What changed my mind was working in a factory - where I had months to hang out with line workers, machinists, technicians, and just shoot the shit with them. My takeaway from it is: a lot of them simply do not have the intelligence to operate in many highly technical jobs. This isn't a slight on them - they're amazing, worthwhile human beings, but it's unreasonable to expect them to be able to write code, even given an arbitrarily large amount of training. For every IQ 120, there is an IQ 80. Remember that.

The other side of it is that our school system performs appallingly poorly, and fails a lot of the population. Even if someone had the natural intelligence and aptitude, for a lot of them their educational background is so poor that there is no meaningful way for them to catch up, ever. A person of solid intellect who, for whatever reasons, barely made his way out of high school math, is not going to be able to pick up a CS curriculum. The foundation we're working from is not very solid.

The third component is of course the system - if someone wanted to retrain as a professional programmer from a factory job, and let's assume magically that he/she has the intelligence to do it, and unexpectedly did really well in school a long time ago. They're about as ideally positioned as one can be... except who's going to pay for the retraining? Who's going to hire the 40 year-old who just got into programming? Even when you have created the ideal state, the person's odds are still horrible.

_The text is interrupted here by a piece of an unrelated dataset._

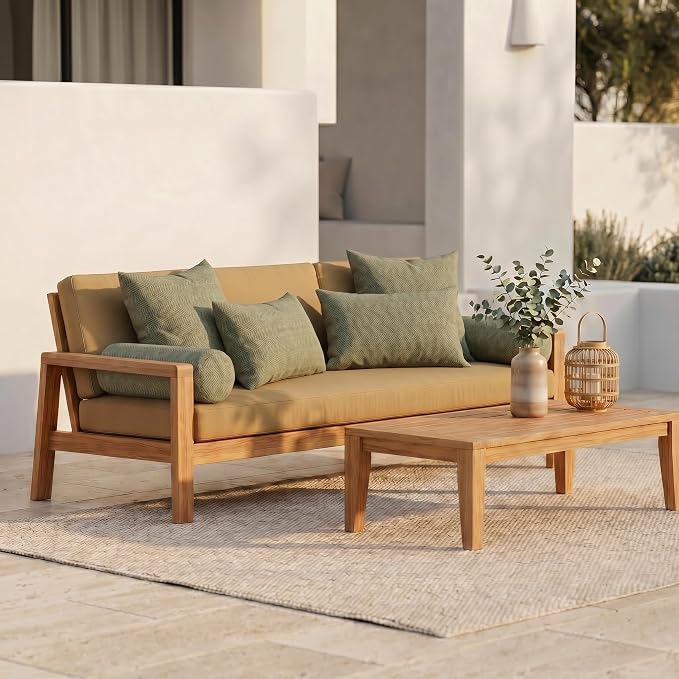 RSH DECOR: 6-Pack Pillow Set | Sunbrella Performance Fabric |Water & Fade-Resistant| 17" Square, 20"x12" Lumbar, 20"x6" Neck Roll | Outdoor Pillows for Patio Furniture | Made in USA (Spirit Fern)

You're probably right on a lot of this. But being a programmer doesn't require exceptional intelligence. Normal intelligence, yes. And a fair amount of patience. An ability to not get frustrated, to understand that things NOT working right away is normal. But it's not that hard. And you don't need to go through a formal CS curriculum to be a productive programmer. I don't think it's a cakewalk; I certainly know 50-somthings who I don't think could do it. Not a chance in fact. But I do think it's possible for some.

I wonder what we're all going to do when humans doing app development by writing code becomes obsolete. Yes, it will happen.


There are a lot of people of below-normal intelligence out there. Keep in mind that by definition 50% of the world has an IQ below 100 - that's a very, very large chunk of our work force that simply cannot pull off, say, programming, data science, or the myriad of technical jobs that are now in-demand.

> "But it's not that hard."

It wasn't for you, evidently, and it wasn't really for me either, but for a lot of people it strains at the edge of their ability to comprehend and mentally model, even with practice. That's the point I'm making: we've been born into the portion of the population that can, with some elbow grease, grok it. Not everyone is as fortunate. Even some of the ones who are, lack the educational background - in math, in logic, in whatever - to make that leap.

It took working a wildly different job, with a wildly different demographic, to really comprehend just how wide that gap is.

Even if we could successfully retrain, say, 20% of the industrial work force into knowledge-based jobs, that's still a lot of people out in the cold, and even then - who would pay for the retraining, which for a lot of people would take years? Who will bankroll their education, or even their living costs, while this transition occurs?

There are so many systemic problems with this it's mind-boggling. Suffice it to say, the notion that displaced workers from now-collapsed industries can retrain and reapply elsewhere is dramatically oversimplified. The reality is that the vast majority will never make the leap anywhere else.